ABOUT THIS TASK:
With the pictures omitted, print exactly the lines below, from the one containing "SEVENTH GRADE RED PLAYER LETTERS T-SHIRT" through the one containing "Wall Mural - Retro", and nothing else.

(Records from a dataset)
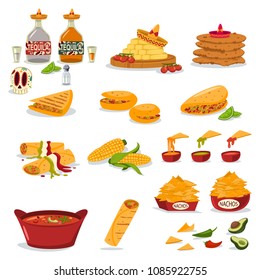 Mexican food vector cartoon flat icon set. Nachos with cheese, tequila bottle, sombrero hat, burrito, chili, corn, sugar skull, taco and avocado illustration isolated in a white background.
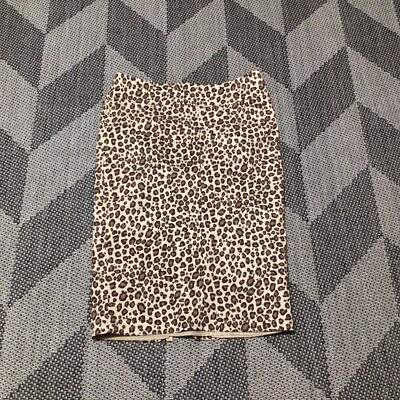 H&M Leopard Print  Pencil Straight Lined Back Slit Skirt 12 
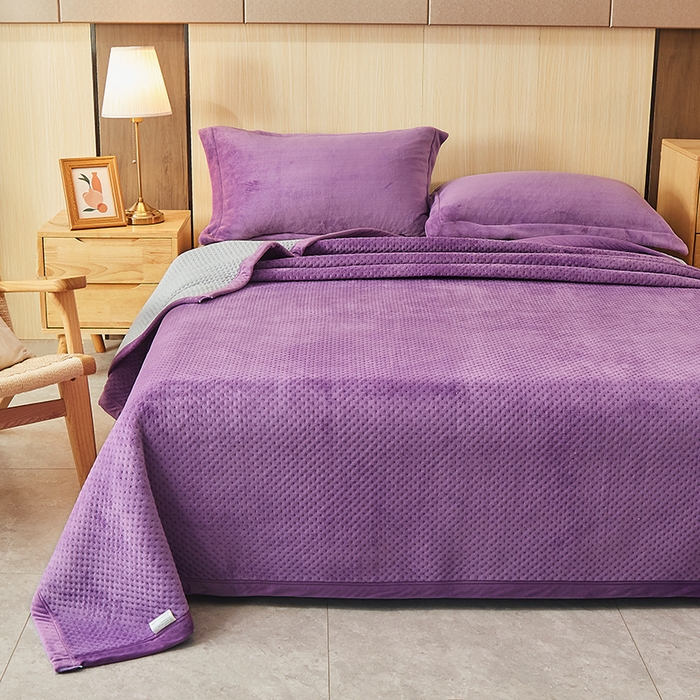 91家纺网 家纺一手货源 找家纺 （总）梦精灵 2026新款纯色牛奶绒多功能盖毯床盖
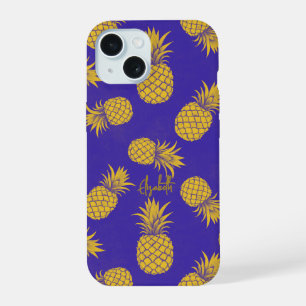 Tropical Pineapple with Name – Watercolor Style iPhone 15 Case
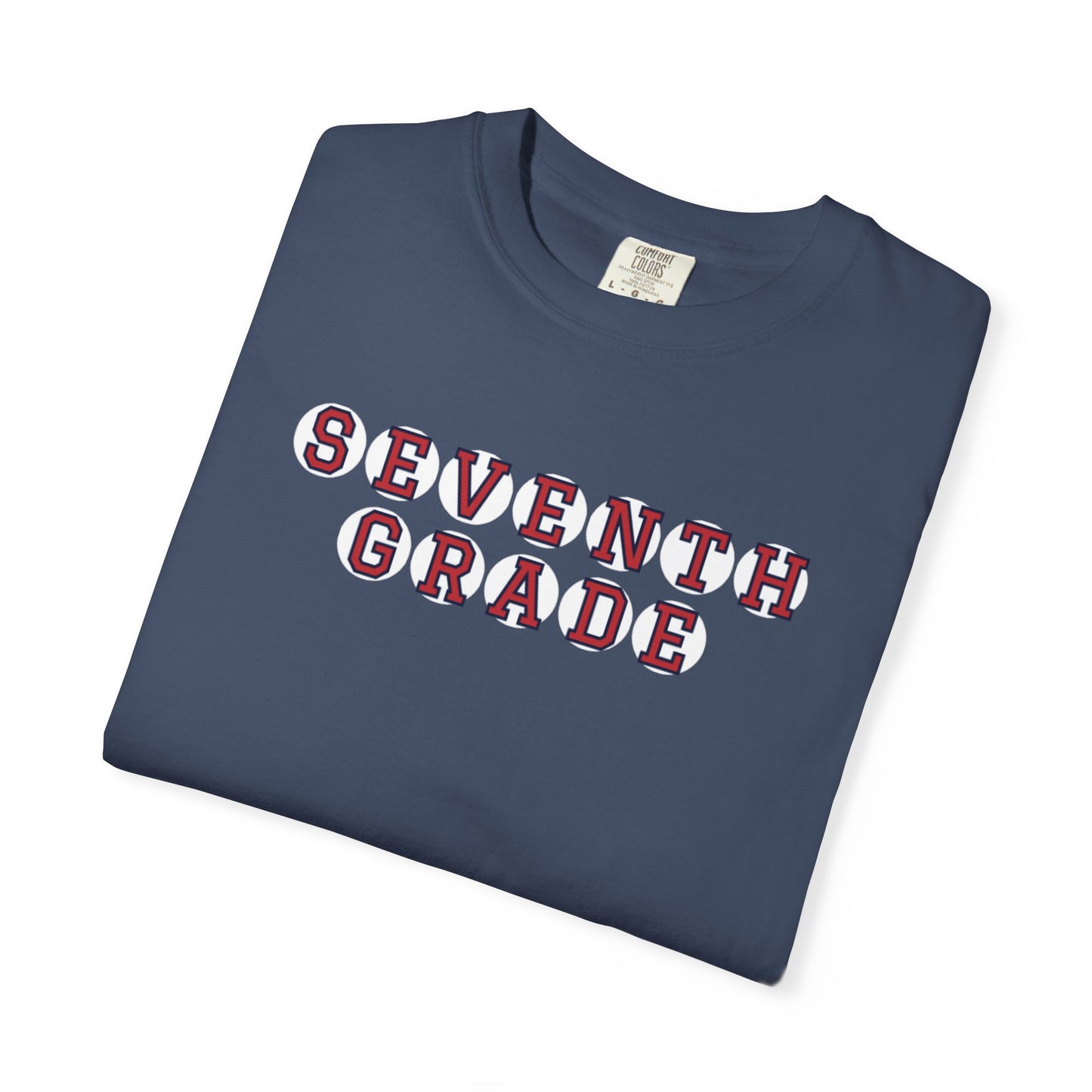 SEVENTH GRADE RED PLAYER LETTERS T-SHIRT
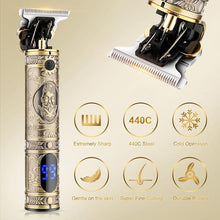 Load image into Gallery viewer, Hair Clippers for Men,Professional Cordless Barber Trimmer Set,Nose and Ear Hair Trimmer with Razor Replacement Head,USB Rechargeable Hair Cutting Grooming Kit-LED Display (Gold-1)
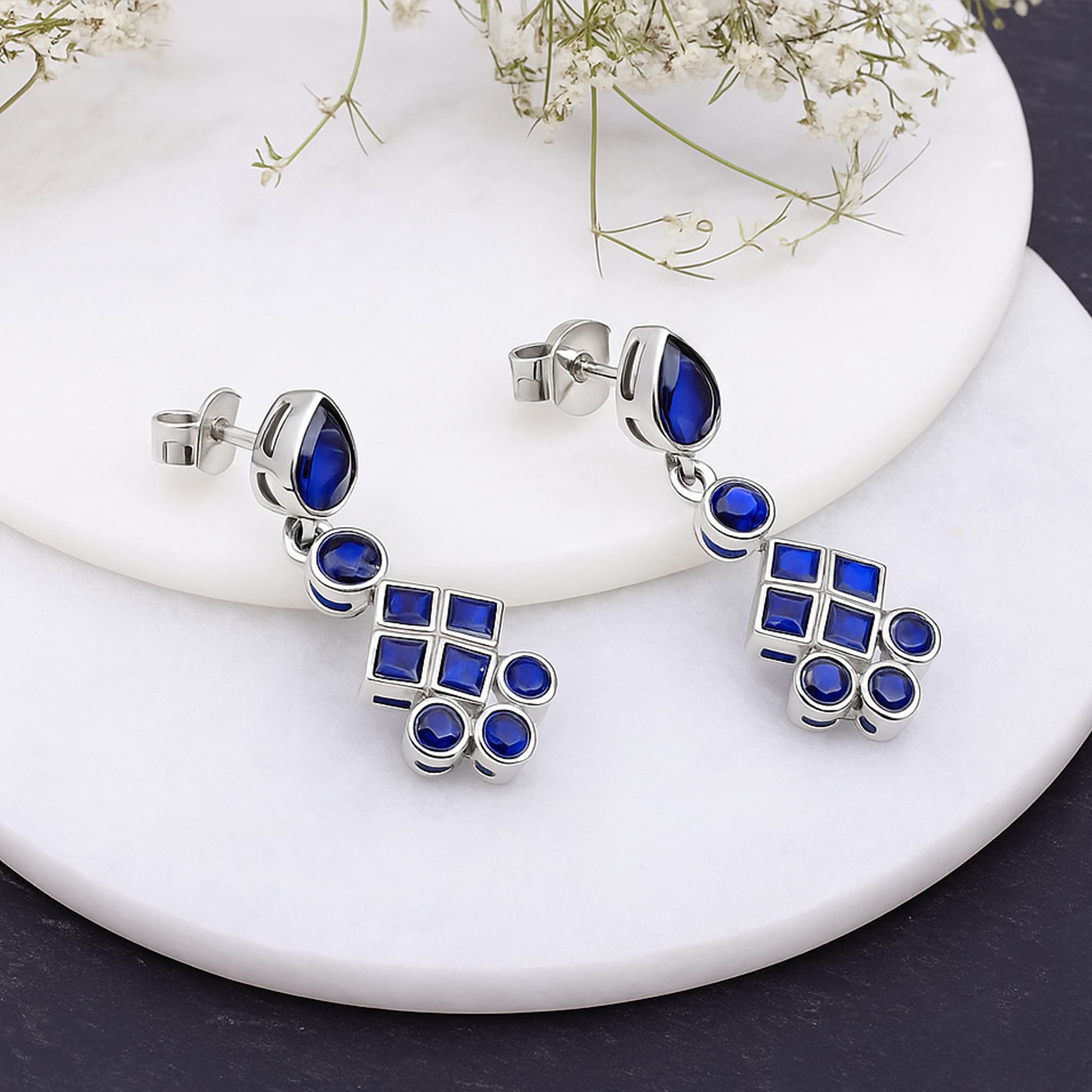 Geometric Sapphire Drop Earrings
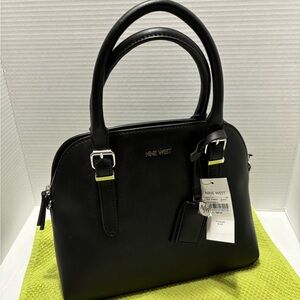 NWT - Nine West Dome Handbag Purse w/ Handles and Shoulder Strap - Black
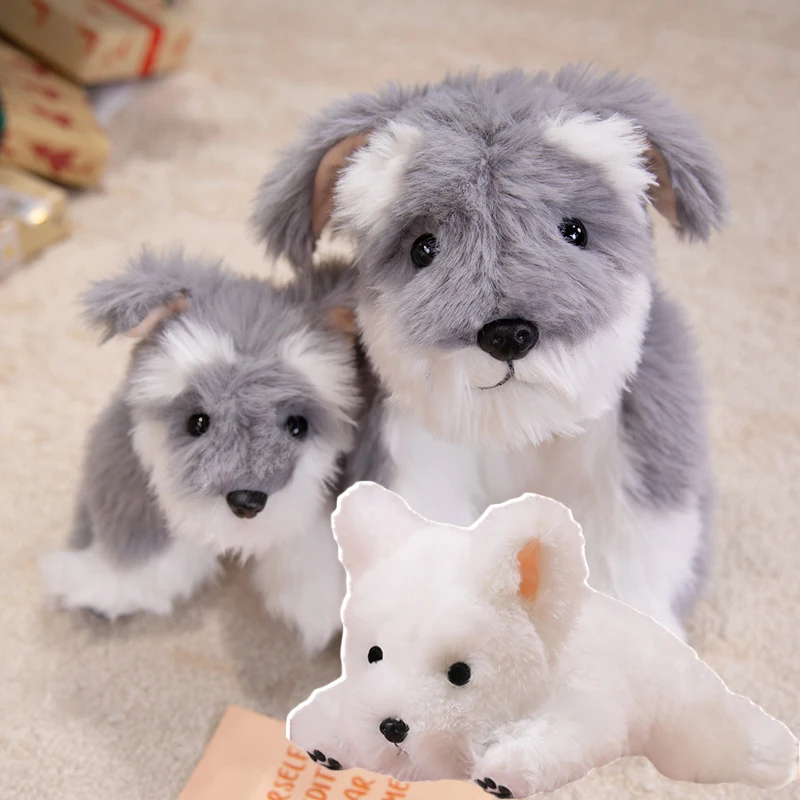 

Kawaii Super Soft Plushies Schnauzer White Terrier Dog Stuffed Toy Cuddly Lying Animal Puppy Plush Doll Sleep Pillow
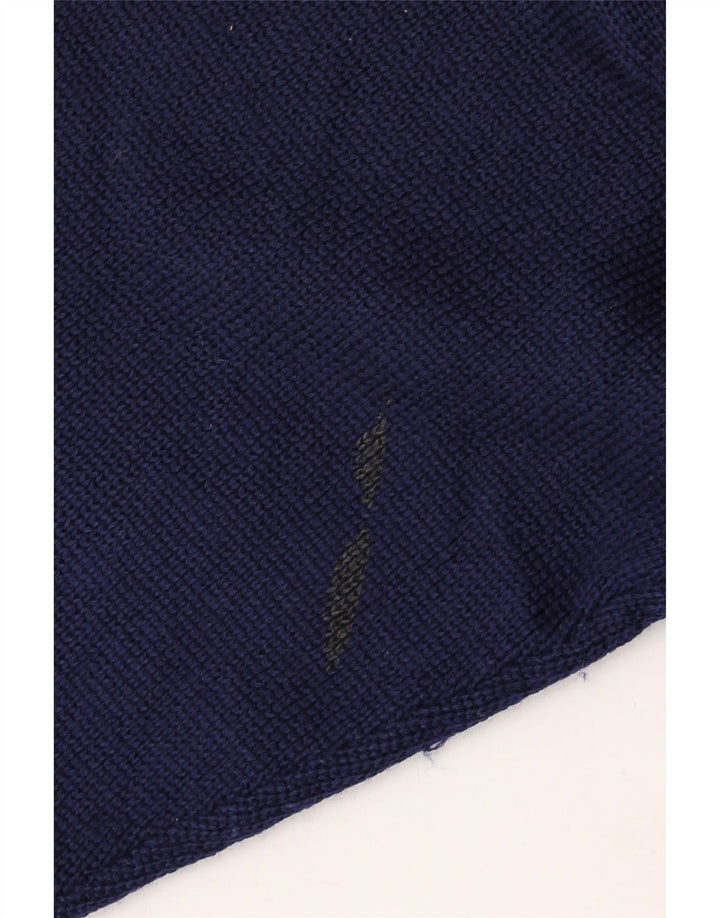 VINTAGE Hombres Crew Neck Jumper Suéter Medio Azul Marino Lana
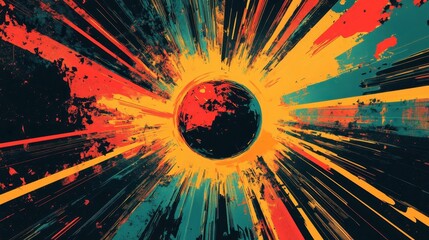 Wall Mural - Retro wallpaper with swirling energy and neon streaks in a sci-fi aesthetic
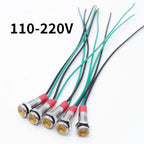 5pcs 6mm Metal Indicator Light LED Warning Signal Lamp Pilot With Wire 3V 5V 6V 12V 24V 220V Red Orange Blue Green White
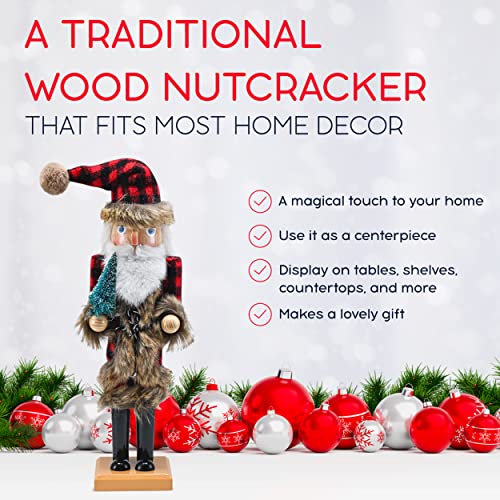 Ornativity Christmas Santa Nutcracker Red and Black Wooden Figure 15" S3008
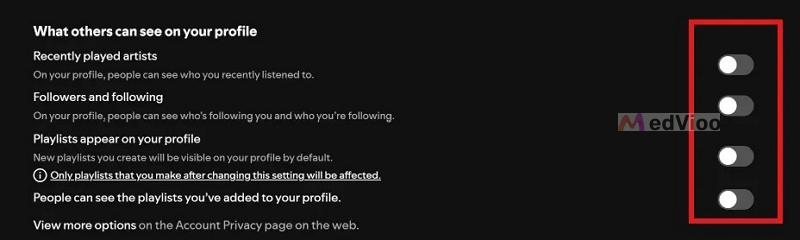 turn off profile visibility options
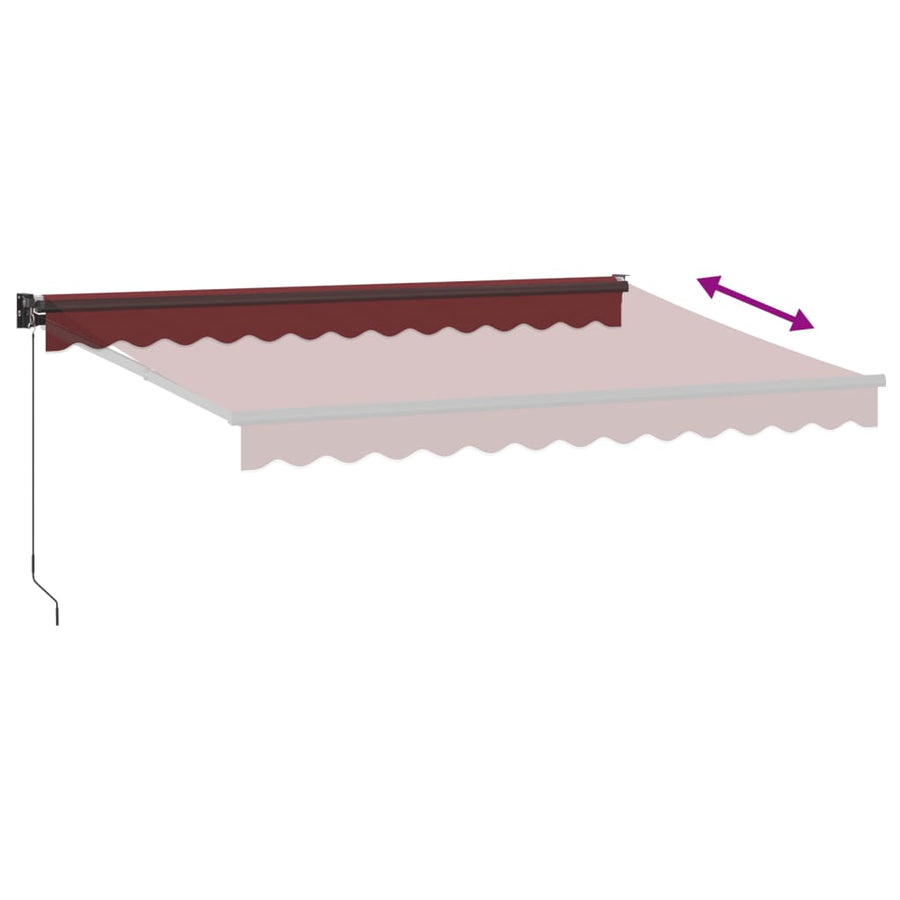 Luifel Handmatig Uittrekbaar 350X250 Cm Bordeauxrood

RESULT OF THE EXERCISE:
 SEVENTH GRADE RED PLAYER LETTERS T-SHIRT
 Load image into Gallery viewer, Hair Clippers for Men,Professional Cordless Barber Trimmer Set,Nose and Ear Hair Trimmer with Razor Replacement Head,USB Rechargeable Hair Cutting Grooming Kit-LED Display (Gold-1)
 Geometric Sapphire Drop Earrings
 NWT - Nine West Dome Handbag Purse w/ Handles and Shoulder Strap - Black

Kawaii Super Soft Plushies Schnauzer White Terrier Dog Stuffed Toy Cuddly Lying Animal Puppy Plush Doll Sleep Pillow
 VINTAGE Hombres Crew Neck Jumper Suéter Medio Azul Marino Lana
 Wall Mural - Retro wallpaper with swirling energy and neon streaks in a sci-fi aesthetic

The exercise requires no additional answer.